Eltonsy Nevine H, Tourassi Georgia D, Elmaghraby Adel S
Computer Engineering and Computer Science Department, Speed Scientific School, University of Louisville, Eastern Parkway Street, Louisville, KY 40292, USA.
IEEE Trans Med Imaging. 2007 Jun;26(6):880-9. doi: 10.1109/TMI.2007.895460.

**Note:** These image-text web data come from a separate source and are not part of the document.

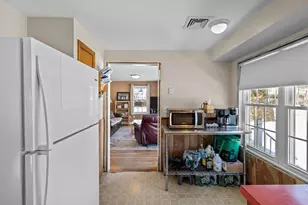 17 Crawford Ave, Attleboro, MA 02703 - Photo 13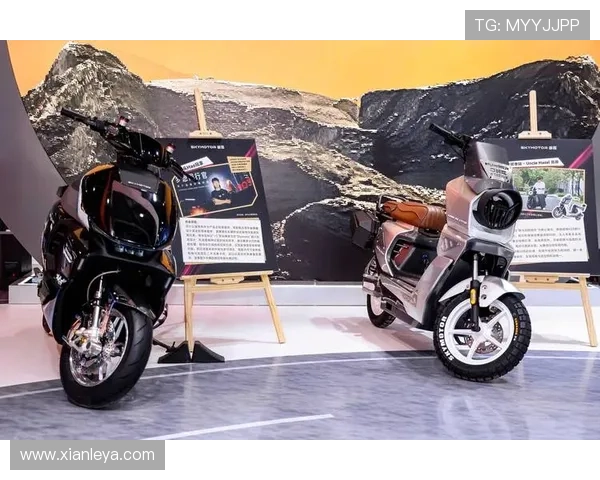 和记PA旗舰引领行业创新,开启高端办公新体验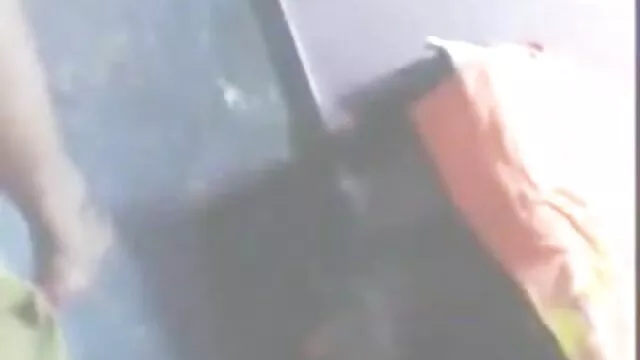 گرم ، شہوت انگیز جنسی کے ساتھ ایک گرم ، شہوت انگیز لڑکی گروه سکسی ایرانی تلگرام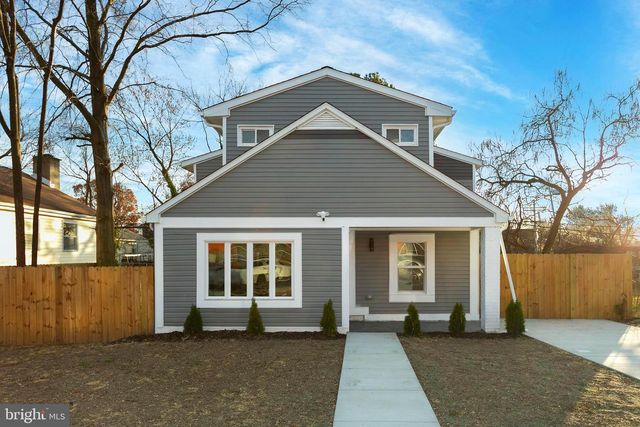 1009 VERONICA AVE, Baltimore, MD 21225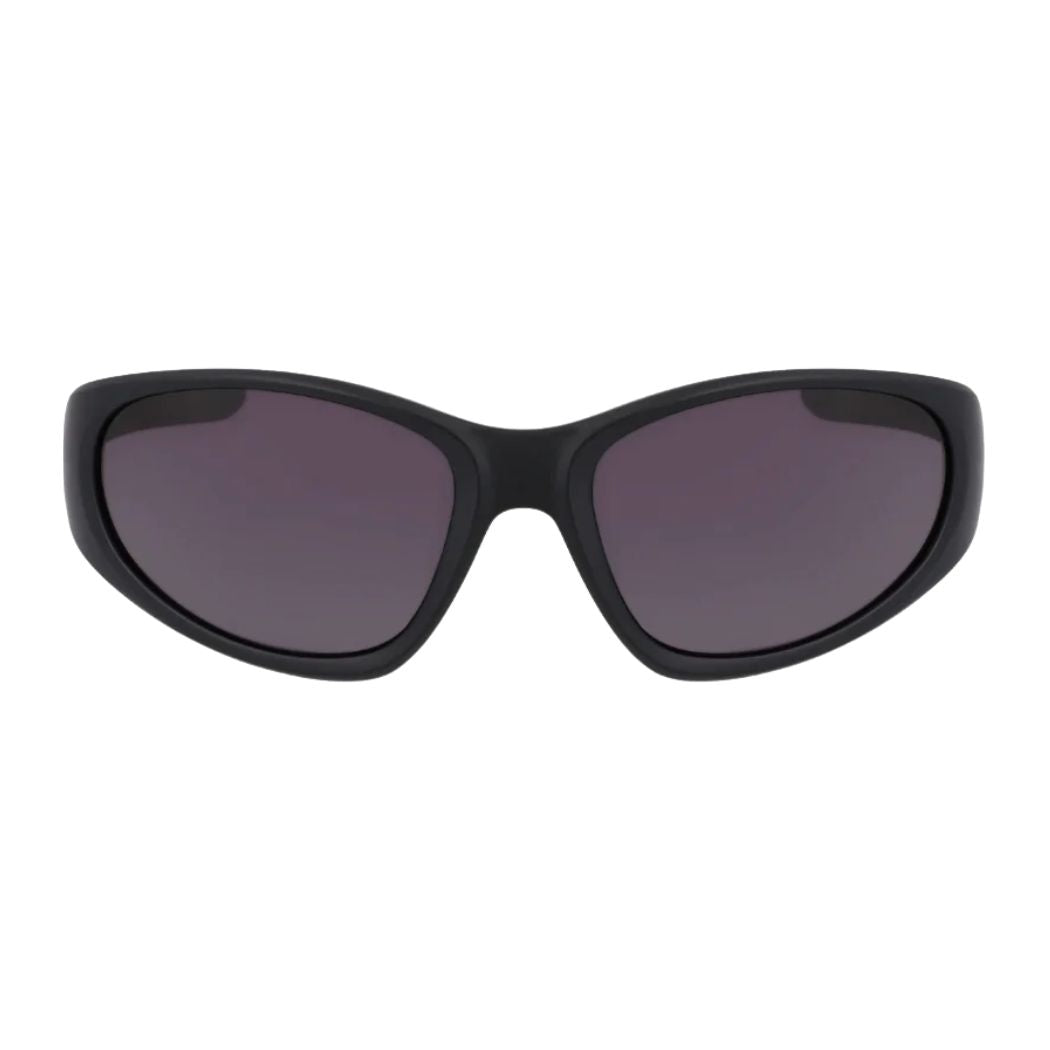 Dragon The box 2.0 Matte Black LL Smoke Polar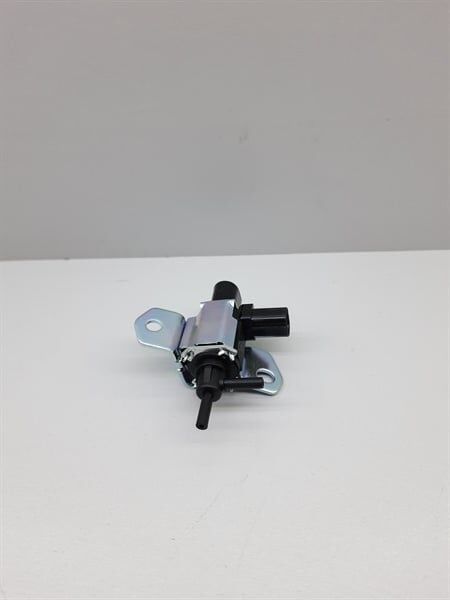 Emme Manifold Selenoid Valfi Ford Mondeo 2.0 Benzinli 2001-2007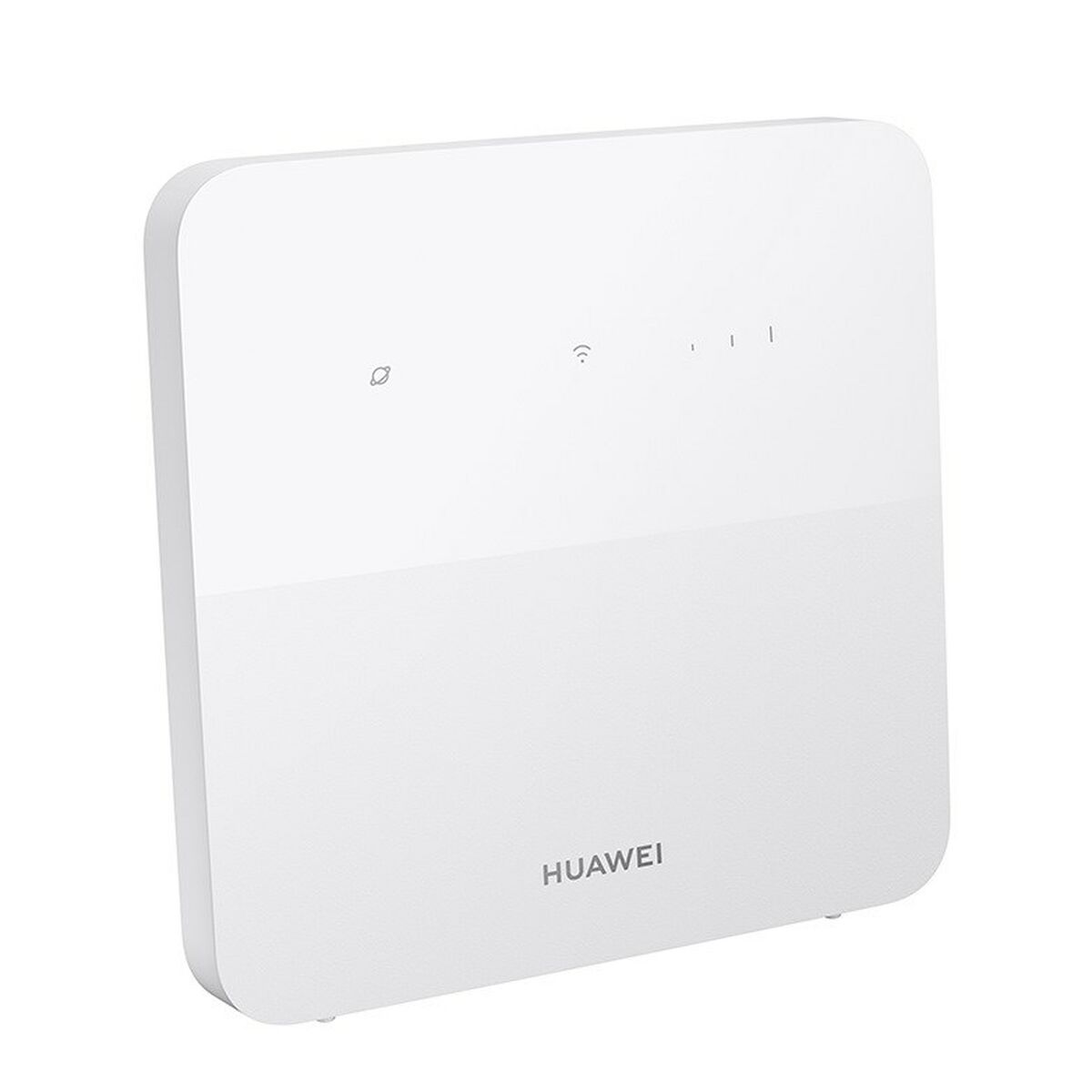 Router Huawei B320-323 2 S9148844_0
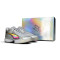 Tenis Puma Tenis Puma Stewie 5 Luminous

We propose a technique for the automated detection of malignant masses in screening mammography. The technique is based on the presence of concentric layers surrounding a focal area with suspicious morphological characteristics and low relative incidence in the breast region. Mammographic locations with high concentration of concentric layers with progressively lower average intensity are considered suspicious deviations from normal parenchyma. The multiple concentric layers (MCLs) technique was trained and tested using the craniocaudal views of 270 mammographic cases with biopsy proven malignant masses from the digital database of screening mammography. One-half of the available cases were used for optimizing the parameters of the detection algorithm. The remaining cases were used for testing. During testing, malignant masses were detected with 92%, 88%, and 81% sensitivity at 5.4, 2.4, and 0.6 false positive marks per image. Testing on 82 normal screening mammograms showed a false positive rate of 5.0, 1.7, and 0.2 marks per image at the previously reported operating points. Furthermore, additional evaluation on 135 benign cases produced a significantly lower detection rate for benign masses (61.6%, 58.3%, and 43.7% at 5.1, 2.8, and 1.2 false positives per image, respectively). Overall, MCL is a promising computer-assisted detection strategy for screening mammograms to identify malignant masses while maintaining the detection rate of benign masses considerably lower.
我们提出了一种用于在乳腺钼靶筛查中自动检测恶性肿块的技术。该技术基于在具有可疑形态特征且在乳腺区域相对发生率较低的病灶周围存在同心层。具有高浓度同心层且平均强度逐渐降低的乳腺钼靶位置被视为与正常实质的可疑偏差。使用来自乳腺钼靶筛查数字数据库的270例经活检证实为恶性肿块的乳腺钼靶病例的头尾位视图对多层同心层(MCL)技术进行了训练和测试。可用病例的一半用于优化检测算法的参数。其余病例用于测试。在测试期间,在每幅图像分别有5.4、2.4和0.6个假阳性标记的情况下,恶性肿块的检测灵敏度分别为92%、88%和81%。在82例正常乳腺钼靶筛查图像上进行测试,在先前报告的操作点处,每幅图像的假阳性率分别为5.0、1.7和0.2个标记。此外,对135例良性病例的额外评估显示,良性肿块的检测率显著较低(在每幅图像分别有5.1、2.8和1.2个假阳性的情况下,分别为61.6%、58.3%和43.7%)。总体而言,MCL是一种有前景的计算机辅助检测策略,用于乳腺钼靶筛查以识别恶性肿块,同时使良性肿块的检测率保持在相当低的水平。